The Cross and the empty Tomb belong together. The former, coercive. The latter, liberating. Together – lifechanging.
The death of Jesus is one of the most consequential moments in human history. And, like all consequential moments, there is always plenty of perspective surrounding the significance, in this instance, of the blood, the impact of the sacrifice for our lives, the necessity of such a cruel demise and, of course, plenty of theological interest in atonement theories.
But something has been haunting me for some time now; something little talked about but divinely effective for those who find themselves captivated by Jesus hanging on the Cross.
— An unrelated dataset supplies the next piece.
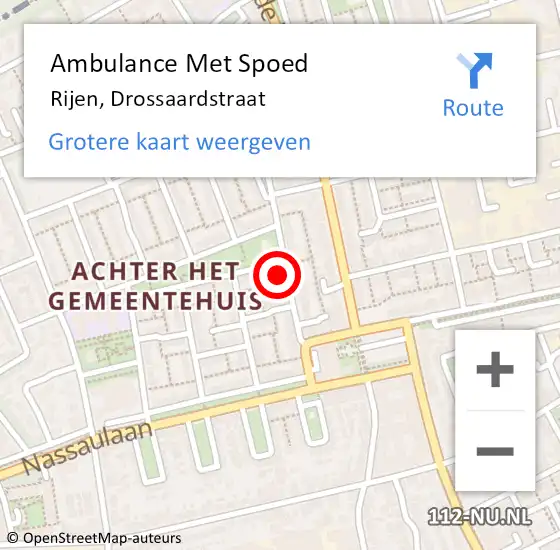 Locatie op kaart van de 112 melding: Ambulance Met Spoed Naar Rijen, Drossaardstraat op 3 februari 2018 04:19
I call it “coercion theory.”
Lee Eclov talks about a board game his family used to play in the mid-50s put out by Parker Brothers. It was called “Going to Jerusalem.” Each player was represented by a plastic disciple with robe, sandals and a staff.
With a roll of the dice you looked up answers in a little New Testament. You started, of course, in Bethlehem and proceeded through places like Nazareth, Capernaum, Bethsaida, the stormy seas, Bethany and the Mount of Olives. You could, if you were winning, make it all the way to the triumphal entry into Jerusalem.
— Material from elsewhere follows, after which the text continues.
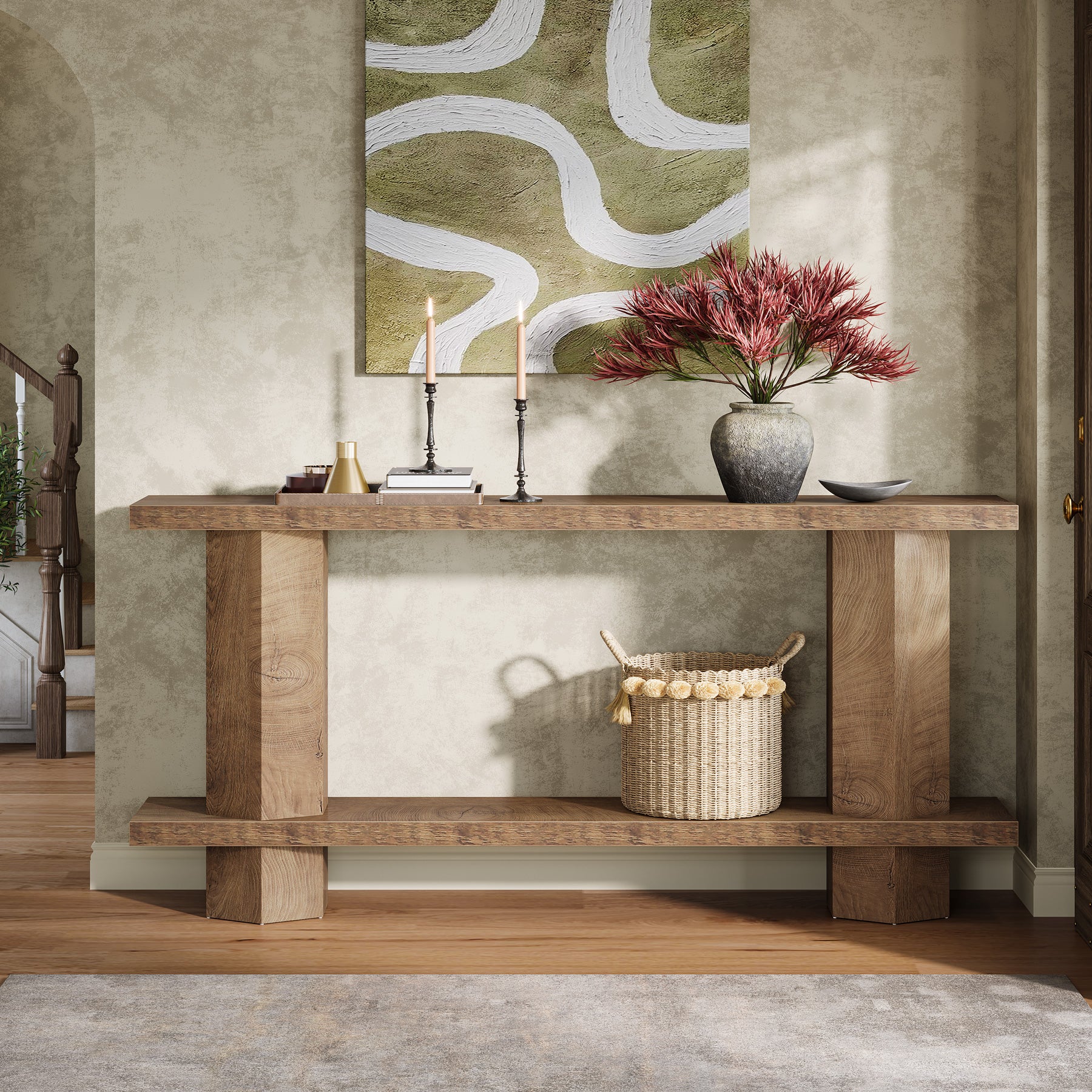70.87-Inch Wooden Console Table for Entryway, Long Sofa Table Behind Couch - Image 5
But the journey stopped there.
But there was no suffering. No enemies plotting your death. No Roman gibbet. No death. You made your way through the nice stories and skipped right over “Deny yourself, take up your cross and follow Me.”
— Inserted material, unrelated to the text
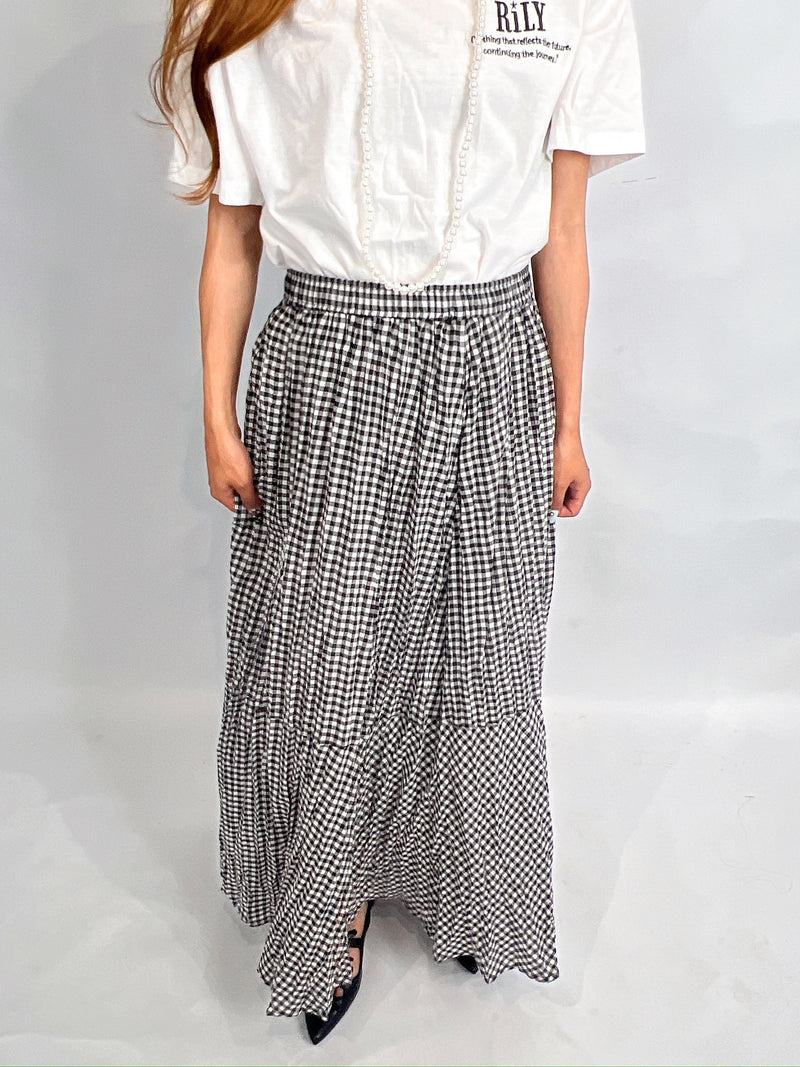 Gingham Check Maxi Skirt – Black & White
It was a fun night like too many of us like our Christianity – a good time with beverages, chips, dip and great conversation mixed with laughter. But no blood. Goodness, no.
There was no persuasion principle in play.
Methodist missionary E. Stanley Jones lived in India at the time of Mahatma Gandhi who, among many other things, showed the power that suffering and self-denial could exercise upon a people. Interestingly, what Jones wrote in a portrayal of Gandhi after his assassination proved motivating to Martin Luther King, Jr. and his efforts in non-violent resistance. At any rate, when things weren’t going the way Gandhi thought they should he would frequently go on a hunger fast until his admirers acquiesced to his will. Some of these fasts lasted only a few days but some for weeks and Gandhi’s seeming coming death by starvation was enough to bring to sobriety those drunk on having their selfish way.
So Jones, considering the fasts of Gandhi, told the story of a young Indian lady who went to the West to get an education and also got something else – an addiction to alcohol. Measures were taken but she seemed beyond all reasonable efforts to reform her. And so, her father began a fast until either death or change. Horrified at the prospects of someone dying for her, she repented.
And her testimony was this: “Someone had to suffer to redeem me.”
It was argued at the time that the father’s method sounded terribly coercive. The response from the father? “The same kind of coercion that Christ applies to you from the cross.” It’s true, to know that God became flesh and felt it necessary to suffer and die for my sin-sick sole certainly ought to have some kind of coercive effect.
John Newton wrote many hymns, among them, Amazing Grace. His tombstone best told his story in brief, however: “John Newton, Clerk. Once an infidel and libertine, a servant of slaves in Africa was by the rich mercy of our Lord and Savior Jesus Christ preserved, restored, pardoned and appointed to preach the faith he had long laboured to destroy…”
One of his hymns talked about the coercive power of the cross:
In evil long I took delight
Unawed by shame or fear,
Till a new object struck my sight
And stopped my wild career.
I saw One hanging on a tree,
In agonies and blood,
Who fixed his languid eyes on me
As near his cross I stood.
Those “languid eyes” are never more apparent than during Holy Week, the days where Jesus seemingly look down on us again from the Cross and coerces us to turn from our wickedness and by grace embrace His goodness.
We shout victory and resurrection on Sunday, but always remembering those languid eyes that are premier tools of the faith to alleviate the brokenness of the world – our brokenness.
The Cross and the empty Tomb belong together. The former, coercive. The latter, liberating. Together – lifechanging.